Provoking a reaction is a method of manipulation as it is an easy way to frame a relationship to garner sympathy from others. A narcissistic abuser could record your reaction or provoke your reaction publicly in order to paint the situation as one that is your fault. They can even use this against you if you attempt to go to the police or report the abuse in any way.
It can also deeply shake a victim’s sense of self. If you find yourself feeling guilty for actions you didn’t think you were capable of or were in your character, you may be a victim of an abusive relationship. If you find that an individual provokes you to react in a way that is out of character, this is a major red flag.
A huge problem for victims is that our brains and bodies are often working against us. Reactive abuse stems from the body’s natural stress response, also known as fight, flight, or freeze.
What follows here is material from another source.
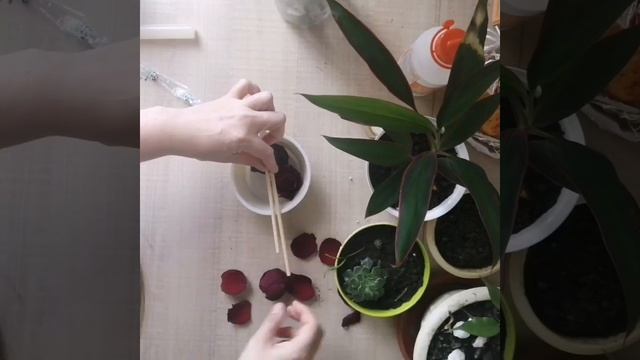 Diy Свеча с сухоцветами смотреть онлайн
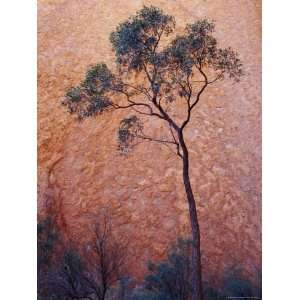  Desert Bloodwood Tree against the Red Sanstone of Uluru, Ayres Rock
So, in a situation where the body perceives danger, it is often an unconscious or natural response to either prepare yourself to flee, freeze in the moment, or fight back.
The abuser can then use this response to claim that you are the problem.
Even if you reacted to the abuse, you are still a victim and are justified in seeking help and leaving that relationship.
Some advise using what is called the “grey rock method” when dealing with a manipulative or abusive individual. This approach involves becoming unresponsive to the abuser’s provocation, similar to a rock.
It is important to note, however, that this method can also be dangerous, and it isn’t recommended as a strategy by prominent abuse organizations.
Non-reaction can result in an escalation of the abuser’s behavior, and can distort the victim’s self image. Essentially, there is no concrete way to “deal with” abuse that doesn’t involve leaving the abusive relationship.
For anyone worried they might be in an abusive situation, help is available, and though it can seem impossible, you can leave the situation and start to recover.